Pulsas sobre la página de un periódico abierto. No sabes qué fecha es ni dónde te encuentras, pero es lunes porque ese es el día en el que, durante muchos años, escribía su columna que tú buscabas a menudo y que leías como una Biblia. Sus artículos de opinión son un referente para el periodismo de izquierdas, no sólo por la luminosidad de su pensamiento, sino porque creó un estilo propio en el que el humor funcionaba como contrapunto de, en palabras de Juan Cruz, la actitud periodística de la izquierda, acostumbrada a mirarse al espejo como si estuviera siempre acosada por un drama que le impedía reírse. Él consiguió que nos riéramos de nosotros mismos sin sacrificar el ejercicio de una reflexión seria. Ese mismo estilo, entre el chiste y la introspección, se plasma en otros libros suyos, como Autobiografía del General Franco, o Escritos subnormales, dos títulos que leíste por casualidad y que alimentan el mito, la leyenda, la imagen de hombre renacentista de la palabra, un Da Vinci de la escritura, capaz de escribir la mejor novela negra, la más acertada crónica política, o una miscelánea de obras que van desde una biografía de Serrat hasta un decálogo del buen culé, pasando por el teatro o los libros de relatos, y de los que no puedes olvidar El escriba sentado, sobre todo los capítulos dedicados a 1984 de Orwell y a Graham Greene, y Pigmalión y otros relatos, donde se incluye el cuento El delantero centro fue devorado al atardecer, una historia caníbal aderezada con humor ácido en la que se plasma otra de sus pasiones: el fútbol.

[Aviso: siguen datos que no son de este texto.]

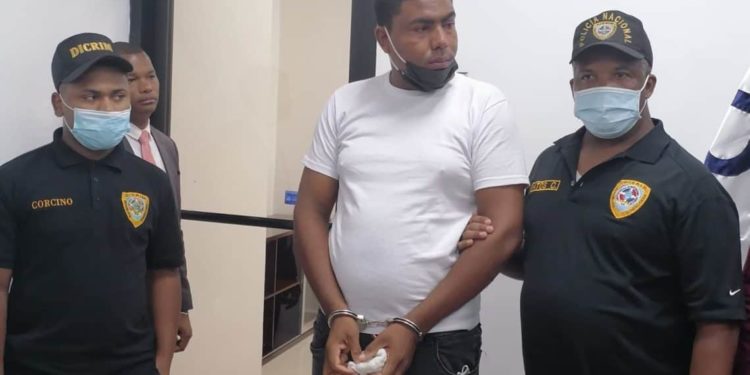 Dejan arrestado motorista que transportó al policía que ultimó a Leslie Rosado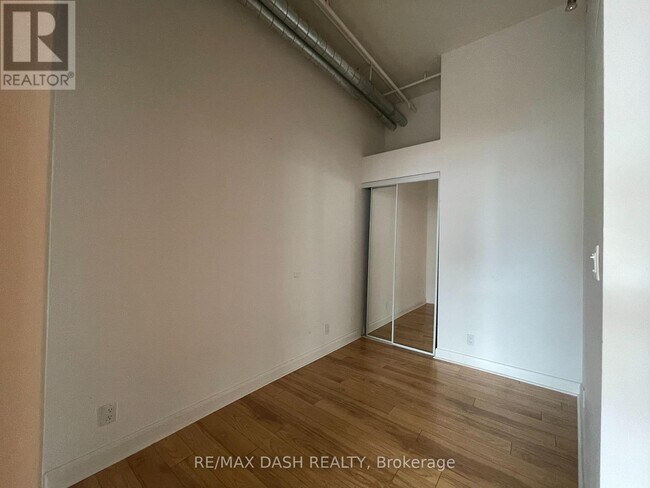 Photo - 700 King St W Unit 416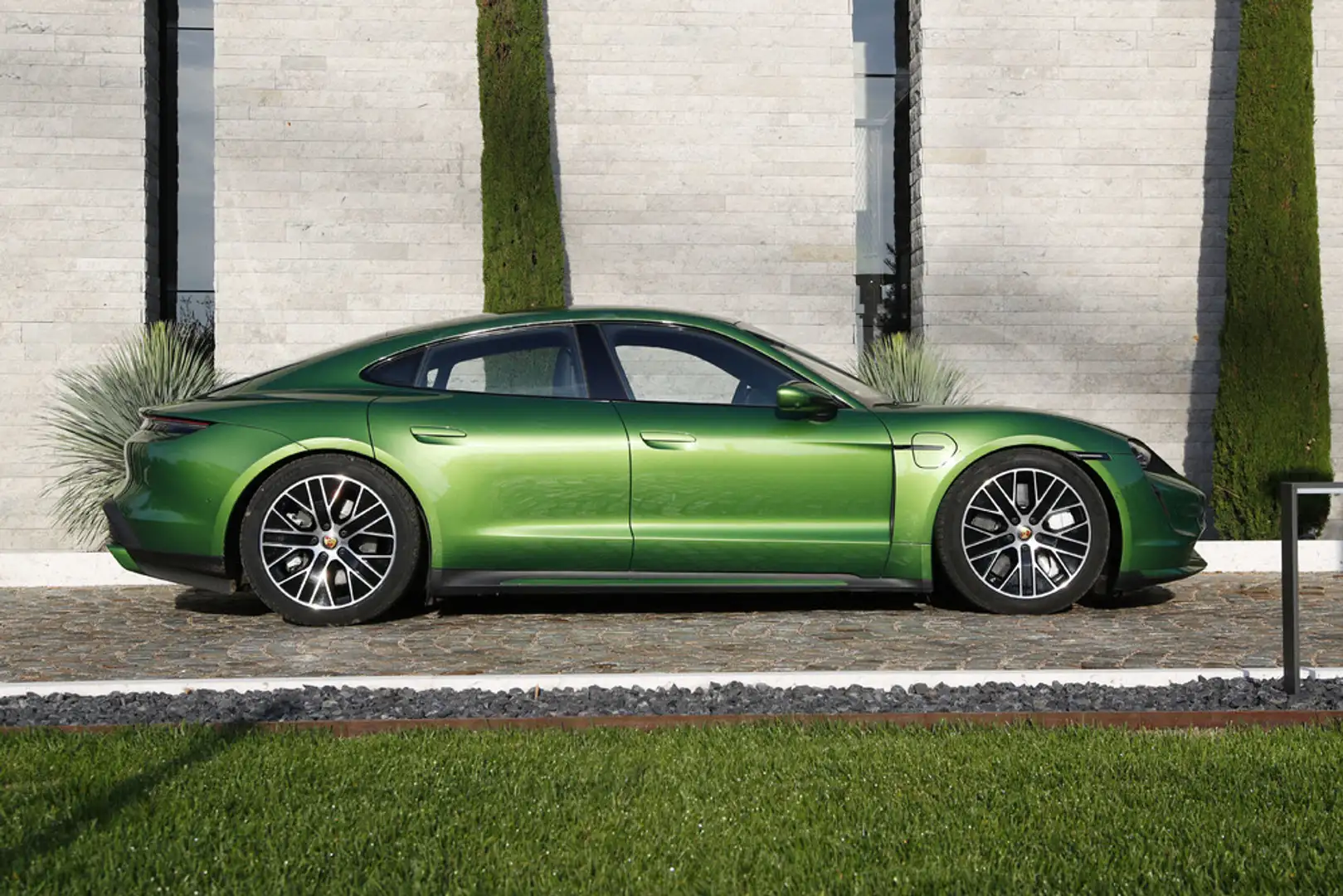Porsche Taycan 40tkm - 1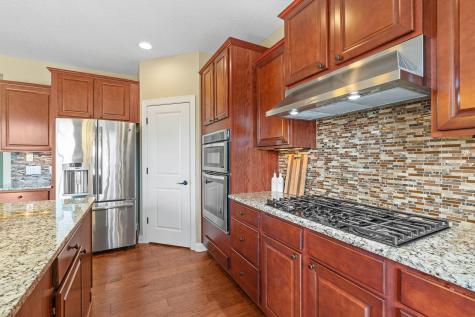 14905 59th Avenue N Plymouth MN 55446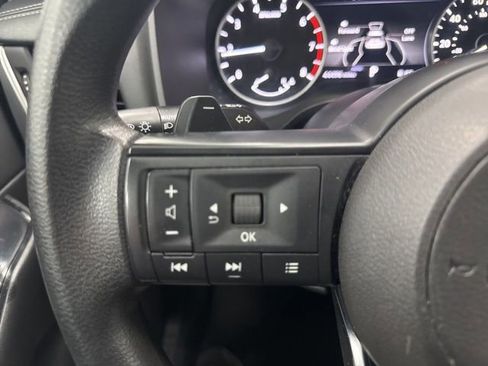 Used 2024 Nissan Rogue S AWD/4WD image 12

Pulsas sobre la imagen congelada de otra imagen congelada, la de un televisor, como si estuvieses atrapado en un juego de espejos en el que se repite un único instante, un plano general del aeropuerto de Bangkok y una voz en off que narra los hechos, el mensaje terrible de su muerte, como si se tratara de un personaje más de una de sus novelas, un fulminante ataque al corazón que acabó con su vida en medio de turistas y viajeros, acompañado de los zumbidos de aviones que llegan o se marchan, aves metálicas que te recordaron a otra de las historias de Carvalho, Los pájaros de Bangkok.
En el funeral se leyó un poema suyo, El cartero ha traído el Bangkok Post, escrito en los años noventa y, tan premonitorio, que parece que él mismo escribiera su propio final en verso, el de un extranjero que espera vida o muerte/ ignorado en un rincón de Asia. O quizá somos nosotros, dices, los que esperamos, huérfanos de tantas cosas desde que él no está, que después de estos años se hagan realidad las últimas palabras de ese mismo poema: la distancia/ permite a la memoria cumplir nuestros deseos. La memoria sobre una pantalla llena de imágenes, un collage, un escaparate táctil sobre el que pulsas para activar uno u otro recuerdo, para impedir que esa pantalla se funda en negro y todo desaparezca.